What results is a treat more wonderful and amazing than any s’more you’ve ever had. Less sweet, a teeny bit salty, and all tasty. Everyone say thanks to Miss. L for introducing me to this unforgettable delight.
The s’meeses is a very welcome “something different,” making it perfect for this ice cream, which is a little unique itself. You see, Wisconsin Cheese is hosting a contest in preparation for the upcoming Food and Wine conference, and they’ve asked entrants to create easy, cheesy, summer recipes for their consideration. So, of course, I got to thinking on a sweet and refreshing cheese-based dessert to carry me through the summer, and I came up with this. I imagine it paired next with sweet roasted strawberries – and raspberries after that – but, for now, the lovely mascarpone base serves as the perfect canvas for a freezer-ready reincarnation of a new summer staple.
It might sound surprising, but mascarpone really adds something special to ice cream. It makes it taste, magically, creamier than actual cream – which was a really lovely surprise! Its inclusion leads to a thick, indulgent concoction, which is everything I need to escape the terrible heat and humidity this week has brought upon us.
Basically, don’t be afraid. Add cheese to your ice cream, then blend in some chocolatey, peanut buttery, marshmallow-y, graham crackery goodness.
You’ll thank me. And L for being a genius and telling me about S’meeses in the first place.
- 8 egg yolks
- 8 oz sugar
- 2 c whole milk
- 1 c heavy cream
- 1 (8oz) container mascaspone cheese (I used Belgioioso)
- ½ tsp salt
- 20 mini marshmallows
- 1 tsp vanilla
- 5 graham crackers, crumbled
- 6 peanut butter cups, chopped roughly
- Granola, to serve
- In a medium-sized bowl, whisk together the yolks and the sugar. Set aside.

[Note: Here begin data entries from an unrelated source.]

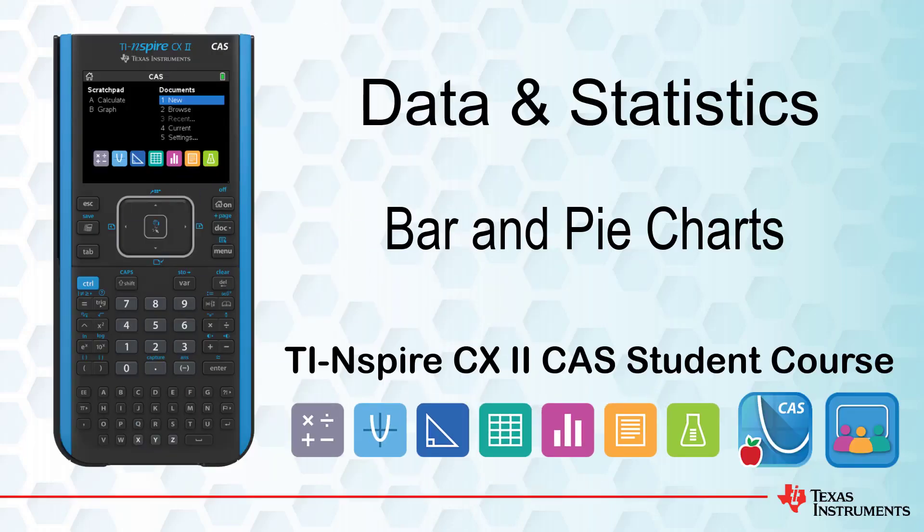This lesson is part of the TI Inspire CX CAS Technology student course. In this lesson, we will look at bar charts and pie charts in the Data and Statistics application.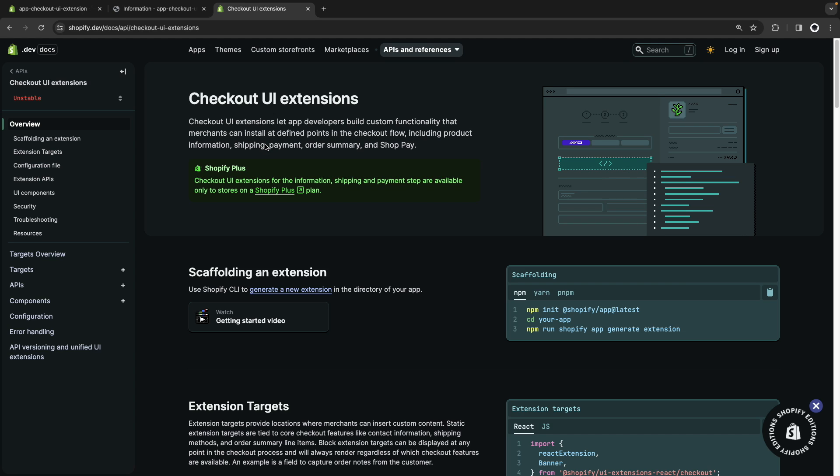Hello, in this video we're going to see how to use query parameters in a Checkout UI extension. This could be useful when you want your extension to show custom information depending on certain dynamic criteria that you can pass directly in the URL.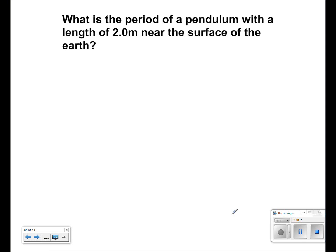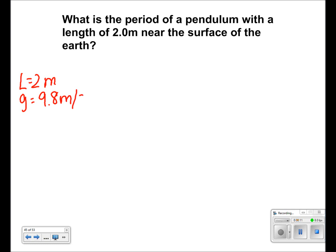In this problem, we're given that L is equal to 2 meters and that G is equal to 9.8 meters per second squared. We're asked to find the period of the pendulum.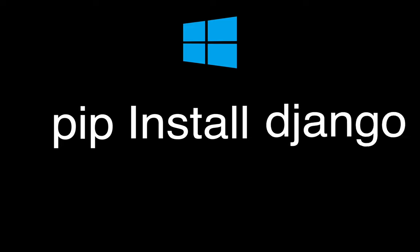But also note that if you're on a Windows PC, you need to open your command prompt and run pip install Django. You don't need to add pip3 when you're running on Windows.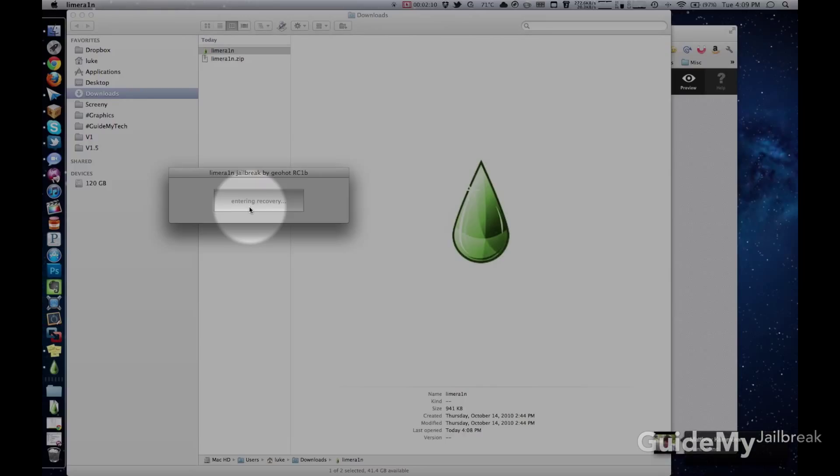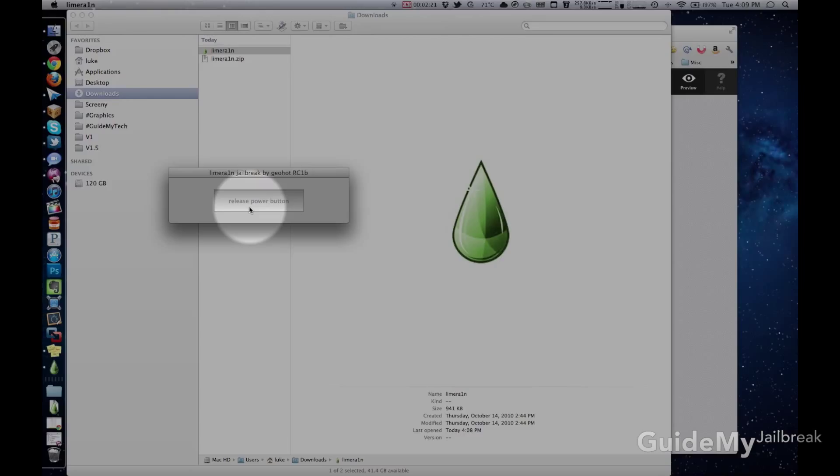You'll want to do that. So hold down the Home Plus Power Button. And then it'll prompt you to let go of the Power Button. So let go of the Power Button. And then it'll say it's successfully in DFU mode.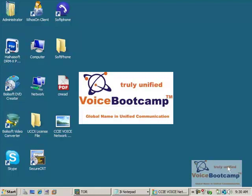Welcome to Voice Bootcamp, a global name in Unified Communication. In CCNA Voice workbook, Minilab 1 focuses on infrastructure design. This is where we will learn how to configure VLAN, Network Time Protocol, as well as DHCP servers.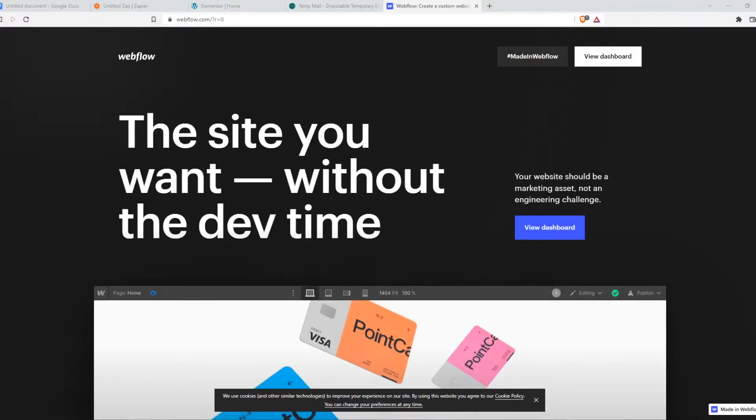In this video, I'm going to show you how you can change the language on your Webflow website. What you need to do is go to webflow.com and make sure you are logged in.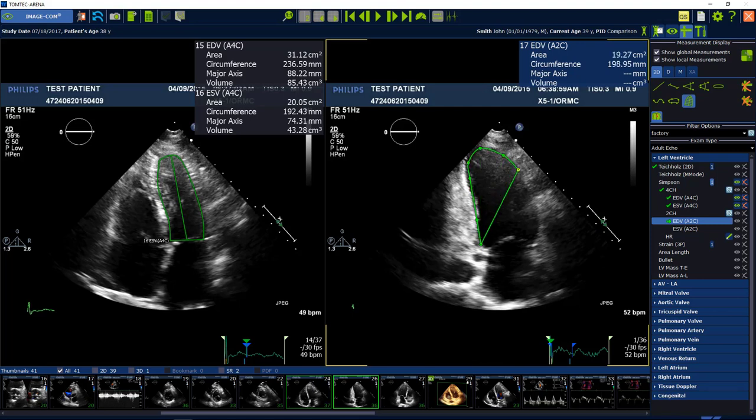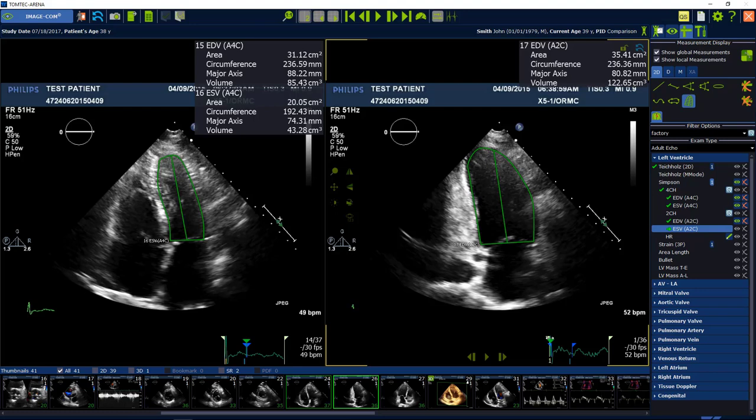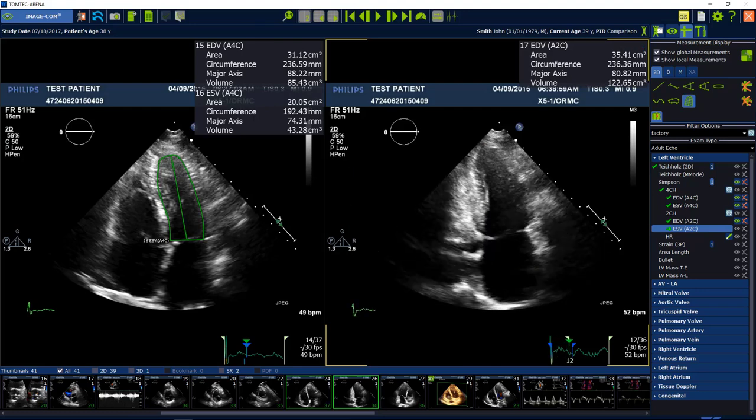The procedure of measurements can be cancelled at any time by hitting the escape button on the keyboard.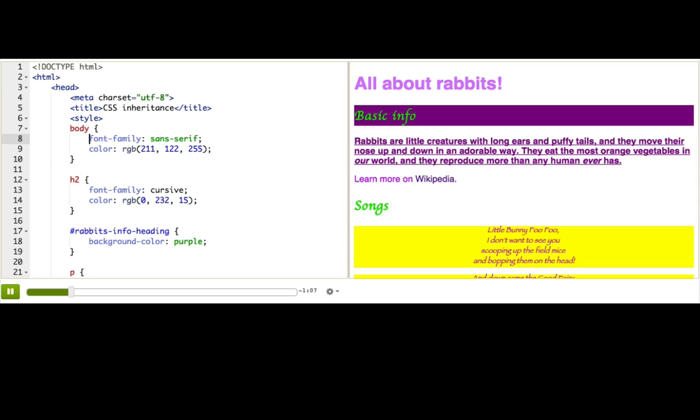For example, the font family is an inherited property. Just by setting it on the body tag, we can see it get picked up automatically by the children tags, like the h1 and paragraphs. It only stops taking effect once another rule steps in, like this rule changing the font family of all the headings to cursive.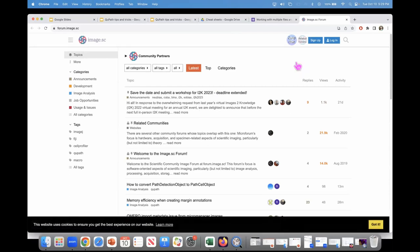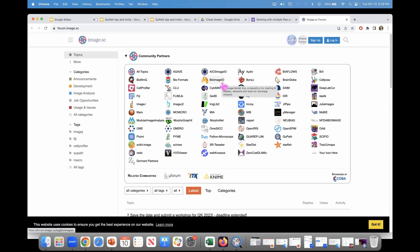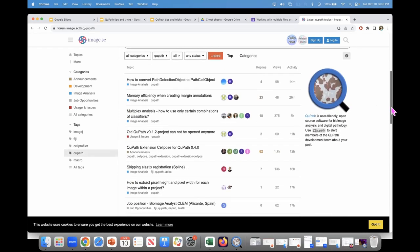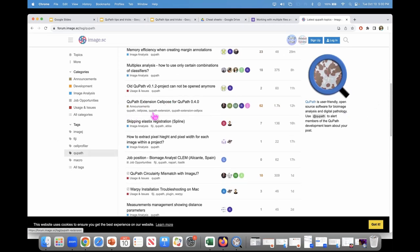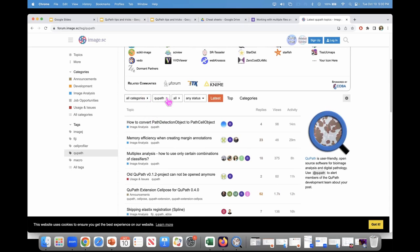If you click on the dropdown for community partners, this will show you a list of all community partners — these are all open source. If you click on QPath you'll get a list of topics specifically tagged QPath — it doesn't mean exclusively tagged QPath, so you can see things like QPath-CellPose, QPath Extension, Fiji, QPath-ABBA. It's just a filter. There are two kinds of filters: the tag itself and the category, so you can filter on things like job opportunities combined with QPath.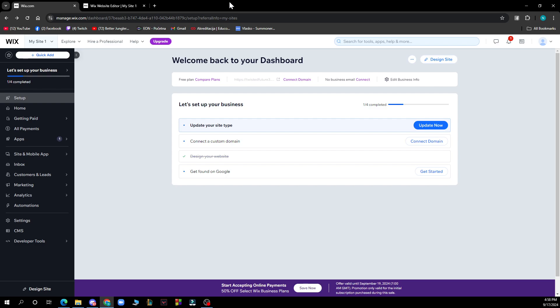After that, just log into your profile or register to Wix if you haven't already done that. Now let's see what we actually have in front of us here.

- In a saucepan, combine the milk and cream. Bring to a bare simmer, stirring occasionally. When the liquid begins to bubble, use a ladle to scoop about ½ c of the hot liquid into the yolks, whisking while pouring so the yolks don’t curdle. Scoop in another ½ c, whisking to combine, then pour the eggy mix back into the saucepan on the stove.
- Whisking constantly, continue cooking over medium heat until thickened, about five minutes. The custard should not run if you dip a wooden spoon into the pan and run your finger in a straight line through it. Pour the cooked custard into a large bowl, and whisk in the mascarpone and the salt. Press a sheet of plastic wrap directly onto the surface of the custard. Refrigerate overnight, or at least 8 hours.
- About an hour before you are ready to freeze the custard, place the marshmallows on a sheet of parchment paper with plenty of room between. Place under a hot broiler and let cook until golden brown, about 4 minutes. Let cool until the pan is comfortable to move without an oven mitt, then place in the freezer.
- Pour the chilled custard into your ice cream maker along with the vanilla. Churn according to the manufacturer’s directions. in the last minute, peel the frozen marshmallows off the parchment and drop into the ice cream maker along with the graham cracker crumbs and peanut butter cups. Let churn to distribute, then freeze, sealing tightly with plastic wrap, until solid, about 4 hours.